If you made a graph of American life since the end of World War II, every line concerning money and the things that money can buy would soar upward, a statistical monument to materialism. Inflation-adjusted income per American has almost tripled. The size of the typical new house has more than doubled. A two-car garage was once a goal; now we're nearly a three-car nation. Designer everything, personal electronics and other items that didn't even exist a half-century ago are now affordable. No matter how you chart the trends in earning and spending, everything is up, up, up. But if you made a chart of American happiness since the end of World War II, the lines would be as flat as a marble tabletop. In polls taken by the National Opinion Research Center in the 1950s, about one-third of Americans described themselves as "very happy." The center has conducted essentially the same poll periodically since then, and the percentage remains almost exactly the same today.
(In a December TIME poll on happiness that phrased the question differently, 17% of respondents said they were brimming with happiness "just about about all the time," and about 60% said they were frequently happy.)
Yet if you charted the incidence of depression since 1950, the lines suggest a growing epidemic. Depending on what assumptions are used, clinical depression is 3 to 10 times as common today than two generations ago. A recent study by Ronald Kessler of Harvard Medical School estimated that each year, 1 in 15 Americans experience an episode of major depression--meaning not just a bad day but depression so debilitating that it's hard to get out of bed. Money jangles in our wallets and purses as never before, but we are basically no happier for it, and for many, more money leads to depression. How can that be?
Of course, our grandmothers, many of whom lived through the Depression and the war, told us that money can't buy happiness. We don't act as though we listened. Millions of us spend more time and energy pursuing the things money can buy than engaging in activities that create real fulfillment in life, like cultivating friendships, helping others and developing a spiritual sense.

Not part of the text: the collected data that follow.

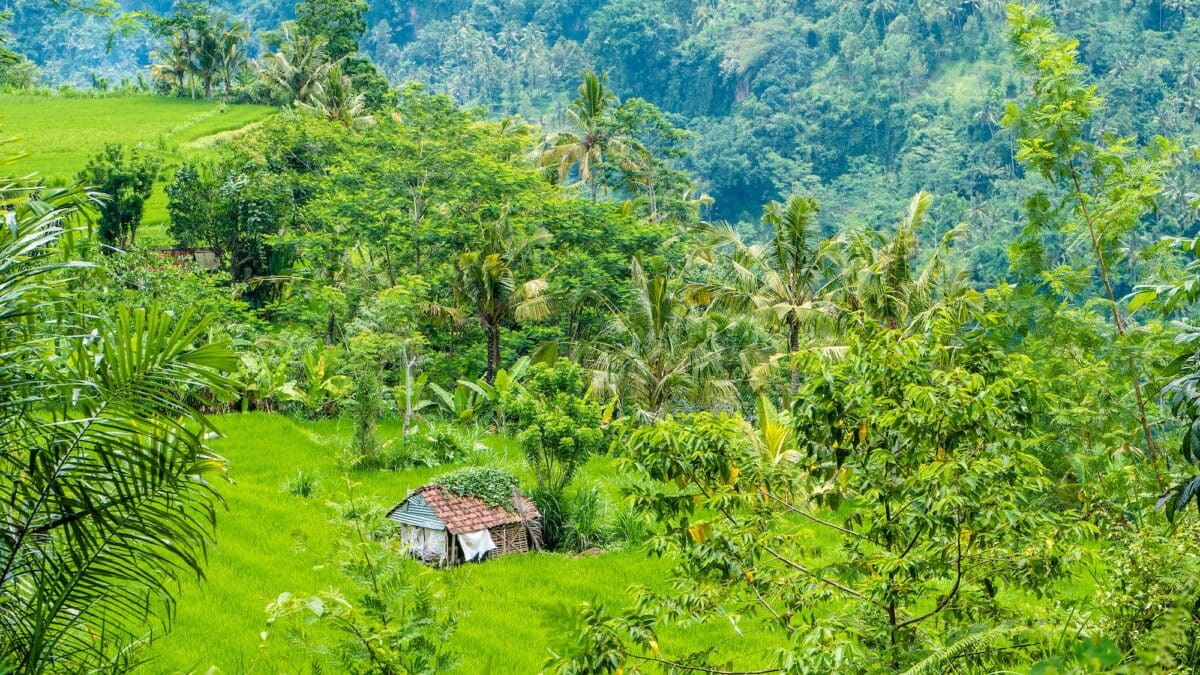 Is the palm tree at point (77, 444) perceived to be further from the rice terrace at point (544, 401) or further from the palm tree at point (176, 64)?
the palm tree at point (176, 64)

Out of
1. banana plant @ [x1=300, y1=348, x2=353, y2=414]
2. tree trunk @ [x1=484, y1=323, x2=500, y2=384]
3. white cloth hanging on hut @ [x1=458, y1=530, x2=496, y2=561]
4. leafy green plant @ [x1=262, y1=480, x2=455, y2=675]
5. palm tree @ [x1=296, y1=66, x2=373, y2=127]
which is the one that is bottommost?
tree trunk @ [x1=484, y1=323, x2=500, y2=384]

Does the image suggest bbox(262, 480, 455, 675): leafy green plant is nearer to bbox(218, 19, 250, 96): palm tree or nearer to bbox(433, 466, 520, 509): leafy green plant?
bbox(433, 466, 520, 509): leafy green plant

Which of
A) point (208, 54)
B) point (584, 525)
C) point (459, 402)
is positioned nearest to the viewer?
point (584, 525)

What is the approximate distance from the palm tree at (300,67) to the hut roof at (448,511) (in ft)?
110

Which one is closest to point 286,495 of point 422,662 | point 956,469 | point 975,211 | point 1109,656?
point 422,662

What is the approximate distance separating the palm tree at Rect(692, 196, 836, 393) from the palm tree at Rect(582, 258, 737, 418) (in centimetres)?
116

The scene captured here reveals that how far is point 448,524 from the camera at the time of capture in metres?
11.1

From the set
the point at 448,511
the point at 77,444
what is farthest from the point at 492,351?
the point at 77,444

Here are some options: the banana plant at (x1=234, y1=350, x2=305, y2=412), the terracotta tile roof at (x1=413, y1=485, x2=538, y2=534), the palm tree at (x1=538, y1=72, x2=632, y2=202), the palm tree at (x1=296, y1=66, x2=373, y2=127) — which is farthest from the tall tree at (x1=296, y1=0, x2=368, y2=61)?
the terracotta tile roof at (x1=413, y1=485, x2=538, y2=534)

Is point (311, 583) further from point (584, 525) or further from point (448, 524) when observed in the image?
point (584, 525)

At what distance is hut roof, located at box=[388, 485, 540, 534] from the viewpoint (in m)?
11.2

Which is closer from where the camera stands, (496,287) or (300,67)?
(496,287)

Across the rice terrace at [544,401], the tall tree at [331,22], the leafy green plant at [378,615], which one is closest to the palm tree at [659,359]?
the rice terrace at [544,401]

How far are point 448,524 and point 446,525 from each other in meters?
0.03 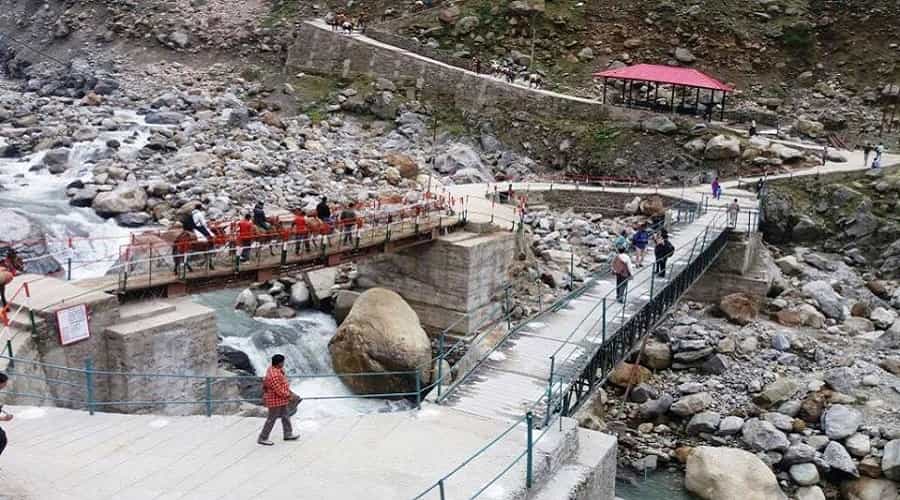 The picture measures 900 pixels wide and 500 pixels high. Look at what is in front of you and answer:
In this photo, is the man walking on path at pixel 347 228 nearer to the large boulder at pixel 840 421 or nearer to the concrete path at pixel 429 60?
the large boulder at pixel 840 421

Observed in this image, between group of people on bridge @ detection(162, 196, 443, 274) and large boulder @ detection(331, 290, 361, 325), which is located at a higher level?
group of people on bridge @ detection(162, 196, 443, 274)

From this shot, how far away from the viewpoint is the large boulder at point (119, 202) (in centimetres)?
2780

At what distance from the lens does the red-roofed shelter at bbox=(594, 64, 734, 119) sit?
36.5m

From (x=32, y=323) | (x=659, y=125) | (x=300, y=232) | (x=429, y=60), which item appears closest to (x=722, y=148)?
(x=659, y=125)

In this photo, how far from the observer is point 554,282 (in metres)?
26.7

We say we know that money can't buy happiness. In the TIME poll, when people were asked about their major source of happiness, money ranked 14th. Still, we behave as though happiness is one wave of a credit card away. Too many Americans view expensive purchases as "shortcuts to well-being," says Martin Seligman, a psychologist at the University of Pennsylvania. But people are poor predictors of where those shortcuts will take them.
To be sure, there is ample evidence that being poor causes unhappiness. Studies by Ruut Veenhoven, a sociologist at Erasmus University in Rotterdam, show that the poor--those in Europe earning less than about $10,000 a year--are rendered unhappy by the relentless frustration and stress of poverty. But you knew that.